Several genes are associated with spondylocostal dysostosis, including DLL3, MESP2, LFNG, HES7, and TBX6. These genes play a role in the Notch signaling pathway, important in embryonic development. Notch signaling directs the separation of future vertebrae and ribs during early development, called somite segmentation. When this pathway is disrupted, proper somite segmentation does not occur, resulting in the malformation and fusion of the spinal and rib bones.
Recognizing the Clinical Features
Individuals with spondylocostal dysostosis often present with a short trunk in proportion to overall height, along with a short and rigid neck. The limbs typically appear to be of relatively normal length.
The malformations of the vertebrae often lead to spinal deformities such as scoliosis and kyphosis (forward rounding of the back). These spinal curvatures can contribute to the shortened appearance of the torso. The abnormalities in the rib cage can reduce the chest cavity’s size.
Respiratory problems are a concern, as the small chest may not adequately expand, potentially causing life-threatening breathing issues in infants. The lungs may push down on abdominal organs, leading to an out-pouching around the lower abdomen, known as an inguinal hernia. Other associated features can include short stature and neural tube defects like spina bifida or Chiari malformation.
Diagnosis and Treatment Approaches
Diagnosing spondylocostal dysostosis involves imaging studies that reveal the characteristic vertebral and rib anomalies. X-rays are the initial diagnostic tool, showing the multiple segmentation defects of the vertebrae, along with rib fusions or reductions in number. Advanced imaging techniques like CT scans and MRI provide more detailed views of the skeletal structures and associated abnormalities.

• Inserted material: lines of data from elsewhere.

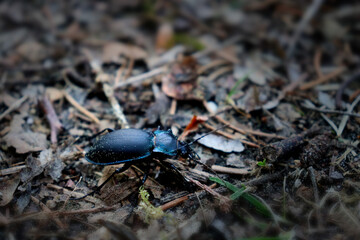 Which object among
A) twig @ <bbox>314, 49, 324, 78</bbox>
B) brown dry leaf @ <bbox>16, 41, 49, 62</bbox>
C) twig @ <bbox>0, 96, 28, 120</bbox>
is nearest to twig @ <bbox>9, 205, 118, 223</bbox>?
twig @ <bbox>0, 96, 28, 120</bbox>

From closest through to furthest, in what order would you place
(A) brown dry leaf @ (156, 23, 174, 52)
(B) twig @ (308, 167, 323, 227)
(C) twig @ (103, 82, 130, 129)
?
(B) twig @ (308, 167, 323, 227), (C) twig @ (103, 82, 130, 129), (A) brown dry leaf @ (156, 23, 174, 52)

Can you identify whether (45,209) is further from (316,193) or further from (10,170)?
(316,193)

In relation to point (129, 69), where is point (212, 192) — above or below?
below

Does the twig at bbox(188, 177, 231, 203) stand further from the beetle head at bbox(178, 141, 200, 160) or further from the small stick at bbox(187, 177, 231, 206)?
the beetle head at bbox(178, 141, 200, 160)

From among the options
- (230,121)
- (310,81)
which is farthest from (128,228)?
(310,81)

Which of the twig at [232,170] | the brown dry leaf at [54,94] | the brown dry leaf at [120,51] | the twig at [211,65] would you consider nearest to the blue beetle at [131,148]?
the twig at [232,170]

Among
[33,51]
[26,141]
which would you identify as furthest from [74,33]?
[26,141] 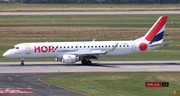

Genetic testing plays a role in confirming the diagnosis and identifying the specific gene mutation responsible for the condition. This genetic information can be helpful for genetic counseling for families. Treatment approaches are supportive and involve a multidisciplinary team.
Managing respiratory issues is a focus, which may include oxygen therapy or ventilator support for severe breathing difficulties. Orthopedic interventions are necessary for spinal deformities, ranging from bracing to surgical procedures like spinal fusion or the use of vertical expandable prosthetic titanium ribs (VEPTR) to stabilize the spine and expand the chest cavity. Physical therapy also helps improve mobility and lung function.
Prognosis and Long-Term Outlook
The long-term outlook for individuals with spondylocostal dysostosis can vary widely, depending on the severity of the skeletal abnormalities and, importantly, the degree of respiratory compromise. While severe cases, especially those with significant breathing challenges, may have a more difficult prognosis, many individuals can lead fulfilling lives with appropriate medical management.
Early diagnosis is beneficial, allowing for prompt interventions to manage symptoms and complications. Ongoing, specialized care is important to monitor growth, spinal curvature, and respiratory function, and to address any evolving needs. With advancements in medical care, including respiratory support and orthopedic interventions, studies indicate a trend toward improved survival rates into adulthood for affected individuals.